Holy fuck, this movie just went all Battlefield Earth.
 

The tween dystopia story has become so big so fast that they are on the verge of parodying themselves due to their common formula.  Every genre eventually gets to the point where it will call itself and its bullshit out but this tween dystopia subgenre might end up doing it sooner than later.  Divergent is so alike its other tween pop culture droplets that the film is entirely too predictable.  Right off the bat, you knew the film would be about the hero finding out what makes her all hero-y and that she would train to hone her hero-y stuff and that some conflict will occur that makes her put her hero-y stuff into action…then, along the way, she falls for the guy she has very little meaningful interaction with and, because she has the mentality of the audience watching it, quickly falls in love with him for reasons that can only be explained by the fact he has dreamy eyes and he gives her lady-boners.  All of this happens in Divergent and happens so expectedly that you can easily zone out for an hour, return to the film, and know exactly where you are.  To make matters even worse, this formula also means your characters develop in the exact way you expect.  So, the whole “zoning out” scenario is only given further support because the characters will neither grow or change in any meaningful way that you couldn’t have already guessed from the moment they were introduced.

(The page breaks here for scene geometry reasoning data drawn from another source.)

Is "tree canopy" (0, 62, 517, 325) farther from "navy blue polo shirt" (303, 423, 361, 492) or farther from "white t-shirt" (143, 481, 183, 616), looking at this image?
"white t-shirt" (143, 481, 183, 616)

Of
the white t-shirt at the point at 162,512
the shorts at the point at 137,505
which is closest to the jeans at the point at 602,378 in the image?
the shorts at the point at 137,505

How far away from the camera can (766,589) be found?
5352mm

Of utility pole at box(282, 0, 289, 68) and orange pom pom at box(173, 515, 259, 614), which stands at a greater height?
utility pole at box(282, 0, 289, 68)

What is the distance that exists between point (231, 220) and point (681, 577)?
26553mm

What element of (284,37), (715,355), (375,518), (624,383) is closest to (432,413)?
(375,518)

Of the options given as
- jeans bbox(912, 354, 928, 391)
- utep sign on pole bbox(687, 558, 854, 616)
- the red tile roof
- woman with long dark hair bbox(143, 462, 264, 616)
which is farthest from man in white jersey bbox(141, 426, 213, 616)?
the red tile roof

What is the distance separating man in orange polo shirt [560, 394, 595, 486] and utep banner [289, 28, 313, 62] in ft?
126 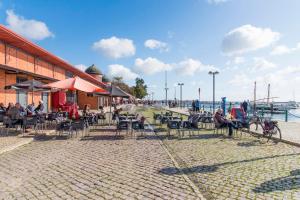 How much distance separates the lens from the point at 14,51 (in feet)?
65.2

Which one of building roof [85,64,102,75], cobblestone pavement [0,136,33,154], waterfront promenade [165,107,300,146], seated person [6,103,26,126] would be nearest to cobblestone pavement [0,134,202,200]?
cobblestone pavement [0,136,33,154]

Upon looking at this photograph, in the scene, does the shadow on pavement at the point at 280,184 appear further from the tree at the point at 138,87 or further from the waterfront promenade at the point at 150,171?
the tree at the point at 138,87

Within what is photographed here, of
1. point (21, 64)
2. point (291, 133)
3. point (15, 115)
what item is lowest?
point (291, 133)

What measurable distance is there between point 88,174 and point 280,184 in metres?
3.99

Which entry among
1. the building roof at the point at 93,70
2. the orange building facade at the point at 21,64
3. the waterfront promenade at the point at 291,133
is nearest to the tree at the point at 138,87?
the building roof at the point at 93,70

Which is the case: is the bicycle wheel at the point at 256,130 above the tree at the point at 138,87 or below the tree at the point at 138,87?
below

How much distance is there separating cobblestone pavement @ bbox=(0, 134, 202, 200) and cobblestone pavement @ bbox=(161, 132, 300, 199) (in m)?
0.50

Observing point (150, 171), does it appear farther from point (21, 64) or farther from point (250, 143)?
point (21, 64)

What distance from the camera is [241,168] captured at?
6453 millimetres

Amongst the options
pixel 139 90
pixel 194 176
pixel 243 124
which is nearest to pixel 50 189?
pixel 194 176

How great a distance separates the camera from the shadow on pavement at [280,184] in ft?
16.3

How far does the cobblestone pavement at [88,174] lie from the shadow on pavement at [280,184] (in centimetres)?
136

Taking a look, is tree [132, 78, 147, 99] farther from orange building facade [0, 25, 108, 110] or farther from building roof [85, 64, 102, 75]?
orange building facade [0, 25, 108, 110]

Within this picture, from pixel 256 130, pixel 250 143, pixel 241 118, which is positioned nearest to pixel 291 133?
pixel 256 130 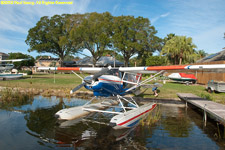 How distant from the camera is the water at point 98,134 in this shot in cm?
469

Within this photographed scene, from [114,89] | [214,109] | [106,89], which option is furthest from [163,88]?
[106,89]

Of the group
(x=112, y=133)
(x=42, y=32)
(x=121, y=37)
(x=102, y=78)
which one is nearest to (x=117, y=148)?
(x=112, y=133)

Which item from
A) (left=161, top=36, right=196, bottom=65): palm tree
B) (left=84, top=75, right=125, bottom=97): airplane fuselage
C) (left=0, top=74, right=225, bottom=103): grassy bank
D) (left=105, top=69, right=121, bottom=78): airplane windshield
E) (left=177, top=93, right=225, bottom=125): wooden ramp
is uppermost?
(left=161, top=36, right=196, bottom=65): palm tree

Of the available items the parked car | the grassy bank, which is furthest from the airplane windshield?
the parked car

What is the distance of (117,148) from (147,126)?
2.19 meters

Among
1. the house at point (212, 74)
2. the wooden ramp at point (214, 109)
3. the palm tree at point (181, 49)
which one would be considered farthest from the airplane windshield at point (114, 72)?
the palm tree at point (181, 49)

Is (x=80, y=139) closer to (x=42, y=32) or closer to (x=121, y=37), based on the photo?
(x=121, y=37)

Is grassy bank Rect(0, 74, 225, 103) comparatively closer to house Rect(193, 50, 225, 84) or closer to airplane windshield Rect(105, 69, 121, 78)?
house Rect(193, 50, 225, 84)

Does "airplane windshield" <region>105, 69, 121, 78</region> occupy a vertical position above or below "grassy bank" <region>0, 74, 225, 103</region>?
above

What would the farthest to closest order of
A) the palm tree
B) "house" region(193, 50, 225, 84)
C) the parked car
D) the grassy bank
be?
the palm tree
"house" region(193, 50, 225, 84)
the parked car
the grassy bank

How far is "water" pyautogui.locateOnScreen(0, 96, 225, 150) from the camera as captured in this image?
4.69m

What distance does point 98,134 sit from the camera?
5480mm

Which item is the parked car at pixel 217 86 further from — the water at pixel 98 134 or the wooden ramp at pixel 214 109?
the water at pixel 98 134

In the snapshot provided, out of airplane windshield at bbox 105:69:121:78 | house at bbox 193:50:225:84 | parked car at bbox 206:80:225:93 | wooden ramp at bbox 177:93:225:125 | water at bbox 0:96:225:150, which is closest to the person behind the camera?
water at bbox 0:96:225:150
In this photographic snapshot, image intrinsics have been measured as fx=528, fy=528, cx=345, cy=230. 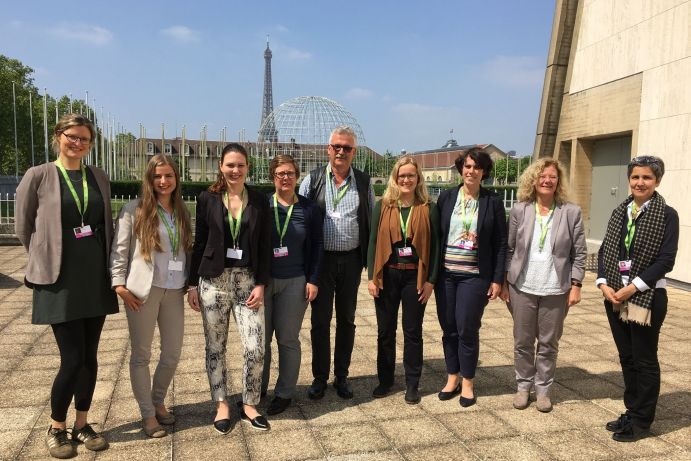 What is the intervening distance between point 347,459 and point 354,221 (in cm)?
173

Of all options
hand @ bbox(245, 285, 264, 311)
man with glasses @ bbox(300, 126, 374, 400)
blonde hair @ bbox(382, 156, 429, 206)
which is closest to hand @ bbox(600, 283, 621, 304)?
blonde hair @ bbox(382, 156, 429, 206)

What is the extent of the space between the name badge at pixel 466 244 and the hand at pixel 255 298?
5.08ft

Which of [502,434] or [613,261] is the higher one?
[613,261]

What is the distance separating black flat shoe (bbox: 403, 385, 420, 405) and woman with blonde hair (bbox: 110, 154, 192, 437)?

"I love you because you're attractive..."
 

Gah!  Zombies!  Nope, sorry, I was wrong...of course,
that would have probably improved my score...
There is an audience for Divergent and that audience loves it.  I won’t mock them for that.  In the end, Divergent just wasn’t one of those dystopia tween novel adaptations that really spoke to me—granted, I only became a fan of The Hunger Games when the second movie came out…so, maybe, when the sequel Insurgent comes out next year, I may give it a shot and find that I enjoyed it more than this one.  However, judging by the foundation that was planted in this one—like the very obvious storytelling formula, passable acting, and characters that are just too bland to really care about—I don’t know if that prediction will come true.  When all is said and done, Divergent just wasn’t a movie for me and what I took away from it was just a lack of interest.